An uncompleted painting sat on the easel in his studio, waiting for a spell of bad weather, which is when McDowell said he gets most of his painting done. “And it better be bad weather that excludes going out to shoot birds, because I’m pretty much addicted to going out and shooting birds.”

He described his paintings as “about feeling good, projecting interesting creativity, and inspiring people, but they’re basically decoration. It’s décor.” In contrast, he said his photographs of birds and his ability to reach people on social media are intended to help a wider audience to understand the beauty and fragility of the natural world that is outside their window.

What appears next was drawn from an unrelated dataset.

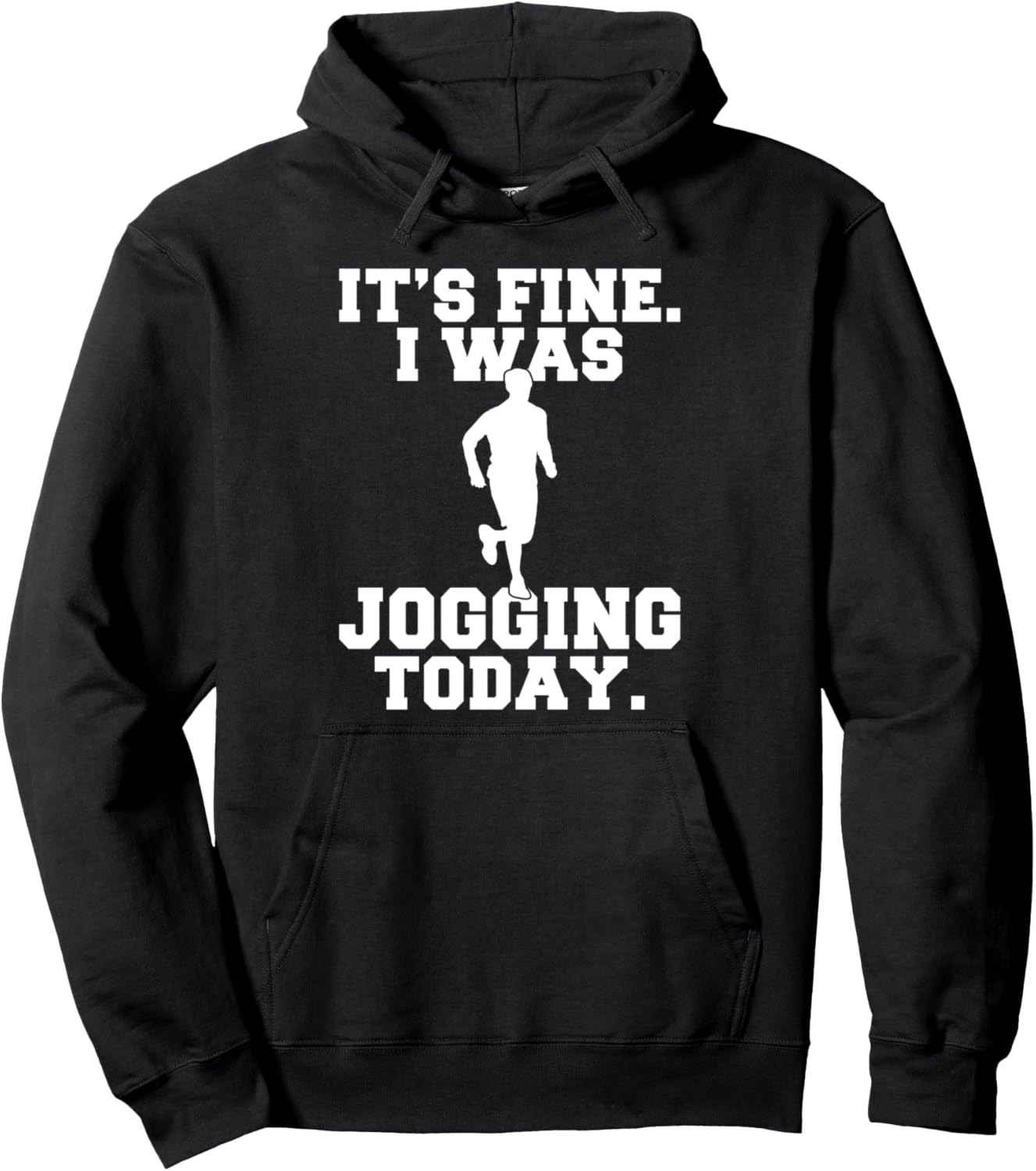

Все в порядке, я сегодня бегала трусцой. Толстовка Jog Sports Jogger Hoodie Jogging Apparel & Gifts, черный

Clockwise from top left: Yellow warbler, American oystercatcher, yellow-crowned night heron, eastern bluebird.
Lanny McDowell

He is also passionate about a collaboration with his friend, pianist, and inventor David Stanwood of West Tisbury. The show, “Avian Improv: Martha’s Vineyard Edition,” features a sequence of 234 bird photos and an improvisational background track by Stanwood. “Avian Improv is sort of the current project that has the most promise of turning people on to birds, 
healing them, putting them at ease – any number of desirable adjectives that I want in my life and that I can make available,” he said.

The slideshow, available at mvmuseum.org/learn/
avianimprov, is intended as a way to make the photos and music available to a wider audience. He speaks enthusiastically about his hope that the project will someday supplant the visual version of elevator music: waiting room monitors tuned to cable news. It’s ideal for places such as hospitals and nursing homes, anyplace where people may not have the opportunity to be exposed to the “healing and contemplative power of nature,” he said.

For those more fortunate, the Island provides many wonderful opportunities to observe birds in their natural environment. One tip, he said, is to go out early, preferably at first light. His favorite birding locations include the Katama plains (“Specifically around the FARM Institute”), Norton Point Beach (“I never fail to have a good time just being out there”), the Sheriff’s Meadow Sanctuary off Plantingfield Way in Edgartown (“A great little bird mecca”), Aquinnah (“It has so much to offer in the fall in terms of being a funnel for migrating birds”), and Cape Pogue.

Long-tailed Encounter, Double Take, 12 x 30 inches.
Lanny McDowell

Being able to approach a bird or a flock without disrupting them and acquire a connection with what you’re photographing is a challenge, McDowell said.

“But when you’re done shooting, and you’re able to turn around and walk away almost as stealthily as you were when you approached the bird, that’s a kick. So you take home a great sense of your time being well-spent and respect for your subject matter. But it’s actually the experience of being there that is 
so gratifying.

“Being outdoors and being aware, it’s great medicine.”